/---

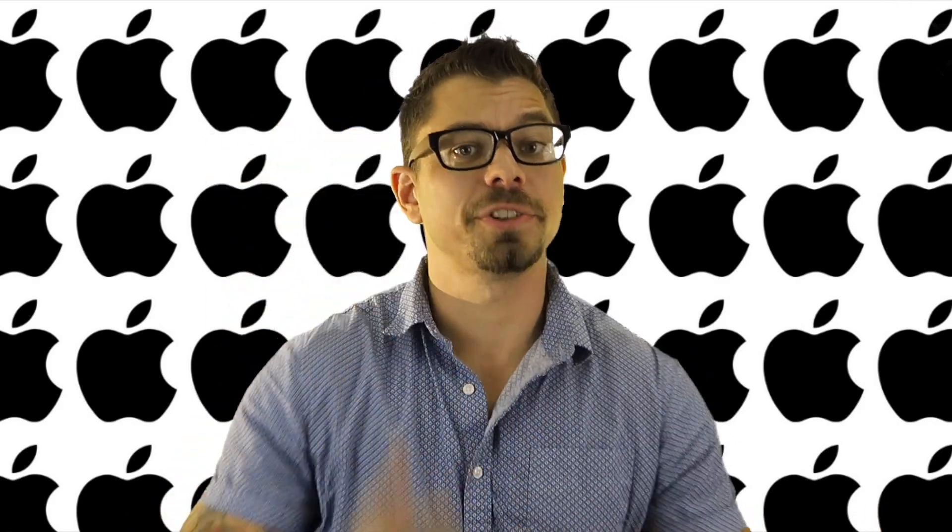Hey guys, what's up? My name is Eric and I'm the Techie Agent. Today we're talking about the Apple Watch. Specifically, how to install WatchOS 2 and how to take advantage of some of its new features.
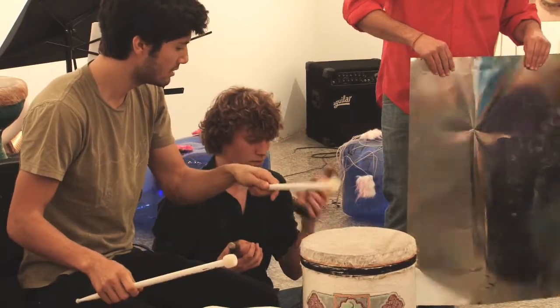I did the drum trio, which was a drum with an animal skin membrane and two drums without any membrane. And I did the aluminum thunder treatment.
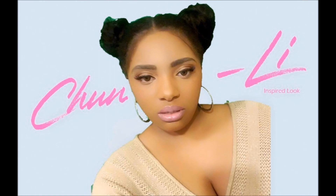Hi Dams and Dolls and welcome back to the channel. If you want to see how I got this Nicki Minaj Chun-Li inspired look and how I went from this to this, then please keep watching.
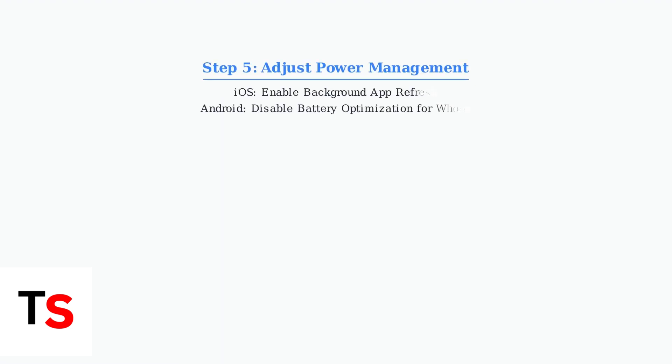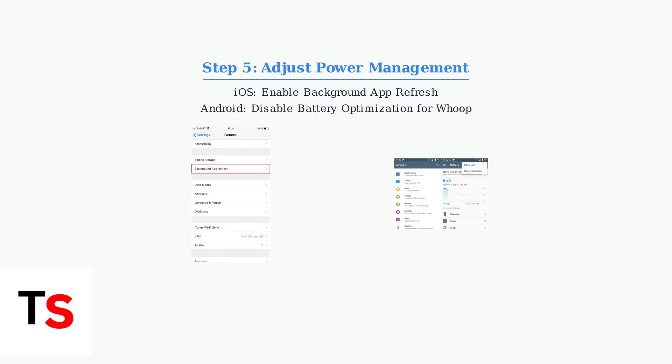Use Power Management settings to ensure the WHOOP app can sync in the background. On iOS, enable Background App Refresh. On Android, disable Battery Optimization for the WHOOP app to prevent the system from limiting its background activity.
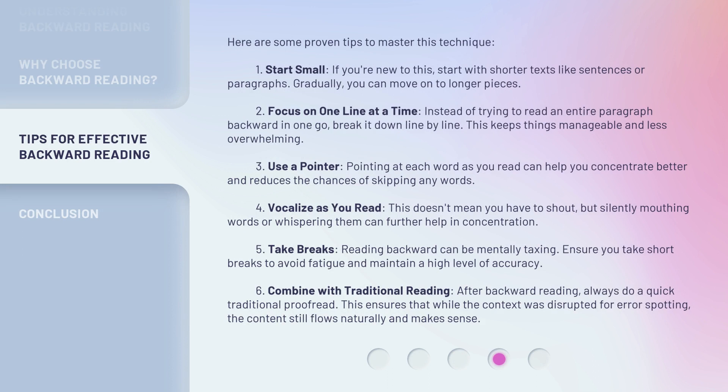Here are some proven tips to master this technique. First, start small. If you're new to this, start with shorter texts like sentences or paragraphs. Gradually, you can move on to longer pieces. Second, focus on one line at a time. Instead of trying to read an entire paragraph backward in one go, break it down line by line. This keeps things manageable and less overwhelming.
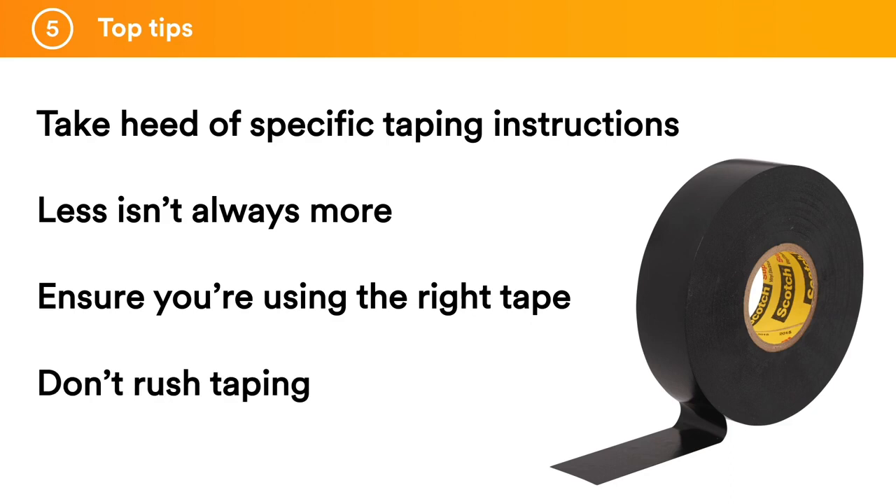Don't rush taping. Electricians are always under pressure to complete the job as quickly as possible, but it is essential to take time to make sure that taping is applied properly. For instance, some tapes require a 50-50 overlap when winding in a spiral fashion around the joint, and a hasty application could mean an inconsistent wrap. A few seconds can be the difference between a successful or a failed electrical joint. Taping may be one of the last steps in any electrical project, but the types of tape or installation techniques used can literally make or break an electrical joint or termination.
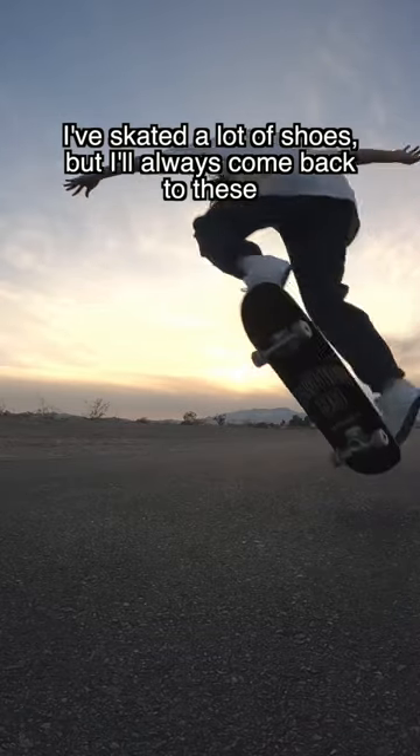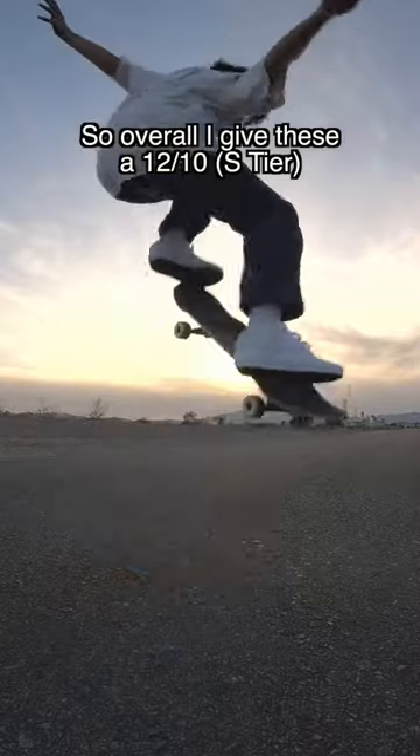I've skated a lot of shoes but I'll always come back to these, so overall I give these a 12 out of 10.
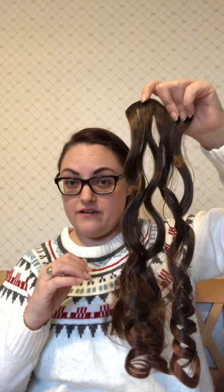First you get these extensions - they are a bit too long. Even if I curl them, they will not be short enough for the bangs. So what I do is right about halfway, I take some scissors and I just cut it off.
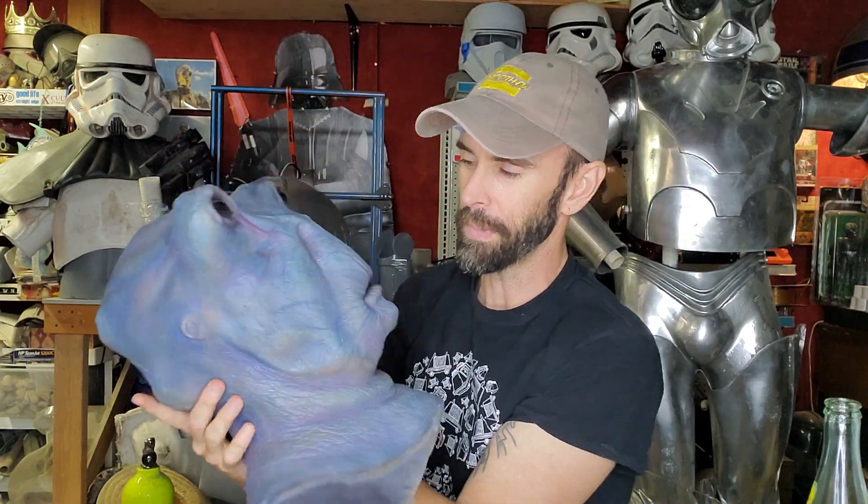Hey guys, welcome back. So today is a little bit of an update because I have been somewhat out of commission for obvious reasons. If you saw my last video, I've got multiple videos that will be posted relatively soon that are going to be all out of order. But I just want to do a little follow-up with the mask video. If you've seen my last few videos, I did a photogrammetry scan of this mask using just my cell phone, in a program called Meshroom.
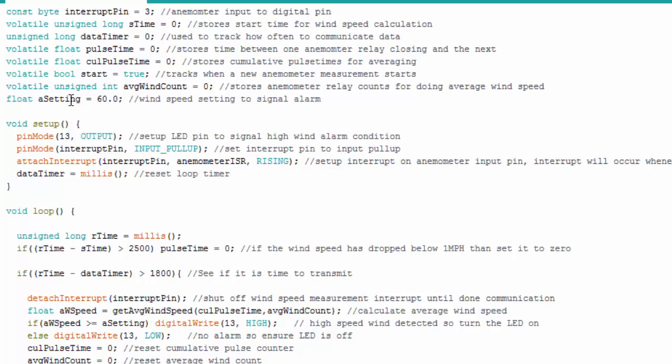There's also an alarm threshold setting — for instance, if you want to alert something after 60 miles per hour, a simple if statement turns on an LED. In setup, I use the LED to signal an alarm. I set up the interrupt pin as an input pull-up, then attach the interrupt specifying the interrupt pin, the ISR name (anemometer ISR), and the trigger — RISING. The ISR function gets called whenever a rising edge comes into pin D3.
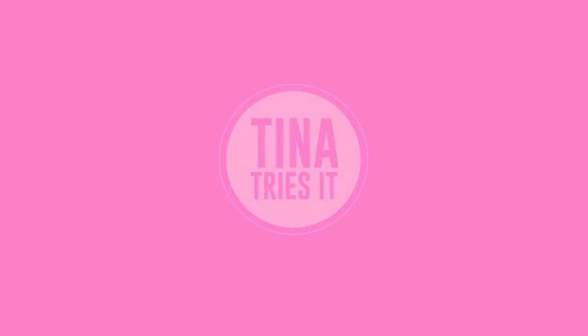Hey guys, it's Tina here. Welcome back to another episode of Tina Tries It. In today's episode, I'll be trying out eyeliner tape versus stamp-on eyeliner. Both of the products I'm trying out today have been all over the internet and you guys have been tagging me constantly, telling me to try it. So today is the day I'll be testing out these products.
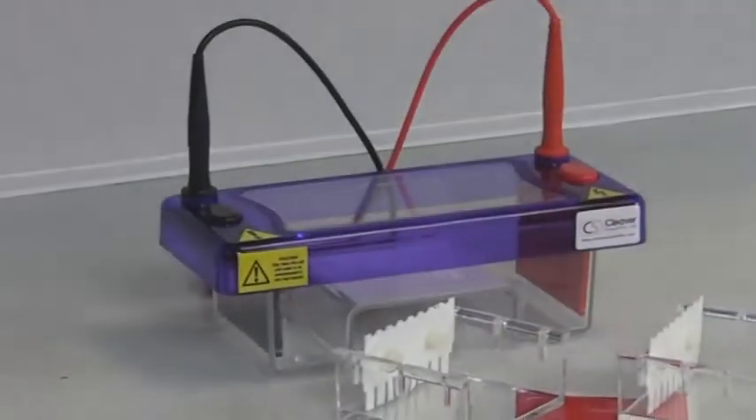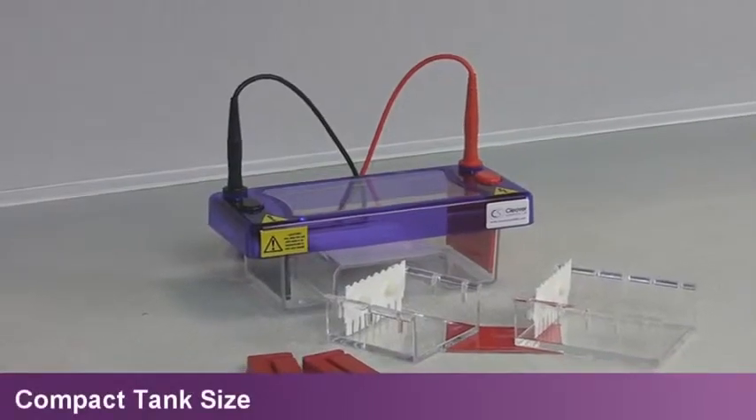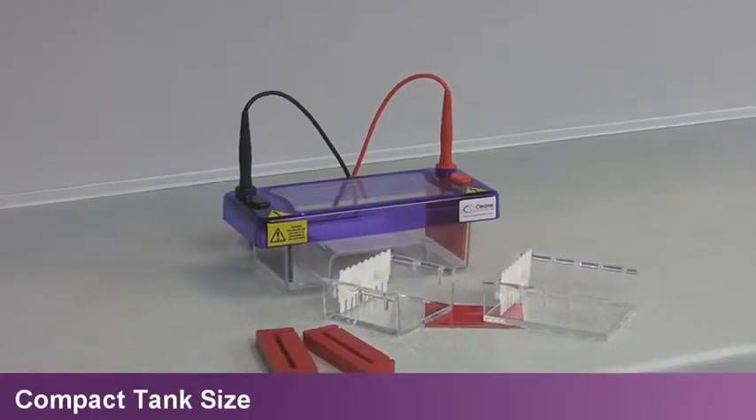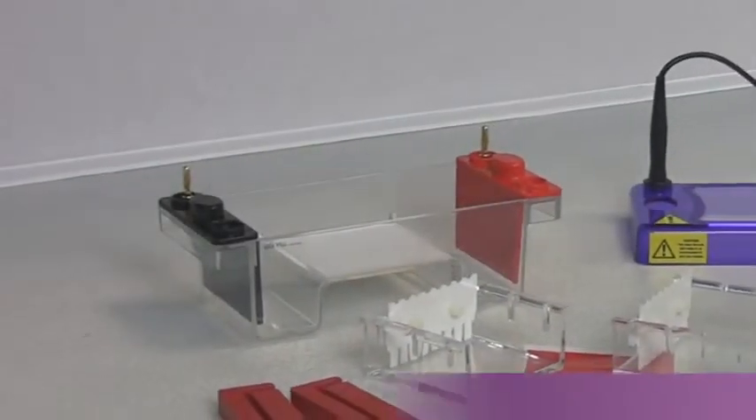Its compact tank size combines economical buffer and gel consumption without compromising resolution and separation speed. Each multi-sub unit has a high-quality injection moulded construction.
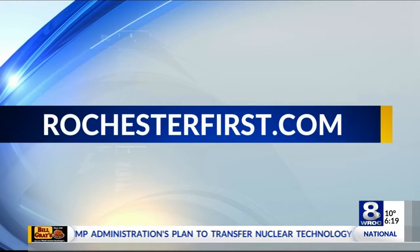If you missed any of our conversation, as always, we're sharing it online. You'll find it at RochesterFirst.com.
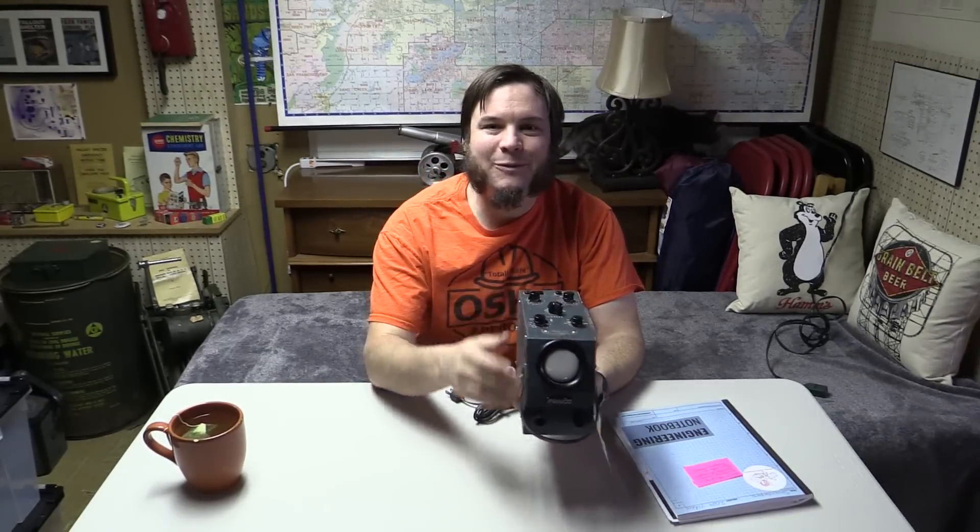So this is the Philco Junior Scope, and I picked this up at a recent ham radio swap meet. I was up at Midwinter Madness in Buffalo, Minnesota. A few of you said hello to me there, which was kind of fun being recognized. I didn't realize I had quite as much of a following in the ham radio community because I rarely get on the air. I have a ham license but I'm really bad at using it.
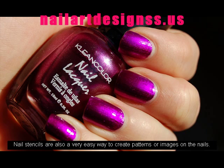Paint a base color onto the nail, wait for it to dry, and then cover with a special crackle effect polish.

\---

== TASK DIRECTIONS ==
Write out, word for word, the lines running from the one containing "So this is the" to the end of the data above; the pictures are to be left out.

== WRITTEN RESPONSE ==
So this is the Philco Junior Scope, and I picked this up at a recent ham radio swap meet. I was up at Midwinter Madness in Buffalo, Minnesota. A few of you said hello to me there, which was kind of fun being recognized. I didn't realize I had quite as much of a following in the ham radio community because I rarely get on the air. I have a ham license but I'm really bad at using it.
Paint a base color onto the nail, wait for it to dry, and then cover with a special crackle effect polish.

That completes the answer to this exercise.